"Silahkan diminum tehnya, Tuan Putri dan Tuan Enutra. Makanan utama akan segera disajikan beberapa saat lagi." ucap sang pemilik penginapan bernama Sam sambil melayangkan senyuman ramahnya.
"Terima kasih."
Saat ini aku dan Vivian berada pada halaman depan bangunan penginapan, atau bisa dibilang sebagai area cafe di penginapan milik Pak Sam. Ada enam buah meja kayu bundar berwarna putih dengan empat kursi sederhana yang mengitarinya. Posisi meja-meja tersebut terpasang dua baris saling berjajar. Sederhana namun tak menghilangkan kesan artistik akan penataannya yang dihiasi dengan beberapa pita biru kuning dan tanaman-tanaman hias yang menggantung di atasnya. Kesederhanaan yang indah dengan balutan kreatifitas seni dari sang pemilik.
Jujur, sebenarya aku sangat menikmati segala pelayanan baik ini meskipun ada sedikit perasaan tak enak terhadap Pak Sam yang telah dua hari terakhir melayani kami berdua dengan tulus. Kesampingkan saja dulu tentang keberadaan Vivian sebagai putri Kerajaan Eternality, yang jelas -aku yang hanya sebagai rakyat biasa- merasa tak pantas dengan layanan spesial seperti ini. Rasanya pelayanan-pelayanan seperti ini sudah terlalu berlebihan untukku.
"A-ada apa, Enutra?" ucap Vivian memecahkan lamunan. "Kenapa kamu hanya diam saja setelah Pak Sam memberikan minuman padamu?"
Sedikit demi sedikit Vivian akhirnya mulai terbiasa berbicara kembali padaku meski kadang perasaan canggung masih terlihat dari sikapnya.
"Tidak ada apa-apa. Aku hanya merasa tidak enak saja dengan Pak Sam yang telah sukarela melayaniku tanpa dibayar sepeser pun."
Vivian tersenyum sambil menggeleng kecil, "Tidak apa-apa, baginya Enutra juga adalah tamu kehormatan yang pantas mendapatkan pelayanan khusus karena telah mendampingiku dengan baik selama ini." ia lalu beralih menatap dahan-dahan pohon merbau yang berjejer di pinggiran jalan. "Dan bagi para penduduk di kota ini, melayani tamu-tamu kehormatan dipercaya dapat memberikan keberuntungan bagi mereka."
"Wah ternyata Vivian tahu banyak tentang kota ini."

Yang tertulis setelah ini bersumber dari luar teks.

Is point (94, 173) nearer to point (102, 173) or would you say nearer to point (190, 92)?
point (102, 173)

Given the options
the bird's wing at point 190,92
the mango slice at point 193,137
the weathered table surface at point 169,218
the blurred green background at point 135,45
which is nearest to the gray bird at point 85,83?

Wajahnya sedikit memerah, "Dulu aku sering datang ke kota ini bersama ayah, itu sebabnya banyak penduduk yang mengenaliku meski tanpa mengenakan atribut kerajaan." jelas Vivian lagi sambil memberikan senyuman indahnya.
Syukurlah, senyuman indah itu telah kembali datang. Batinku terasa nyaman. Sangat menenangkan sekali. Tak salah jika aku ingin menyebutnya sebagai putri dengan senyuman terindah yang pernah ada.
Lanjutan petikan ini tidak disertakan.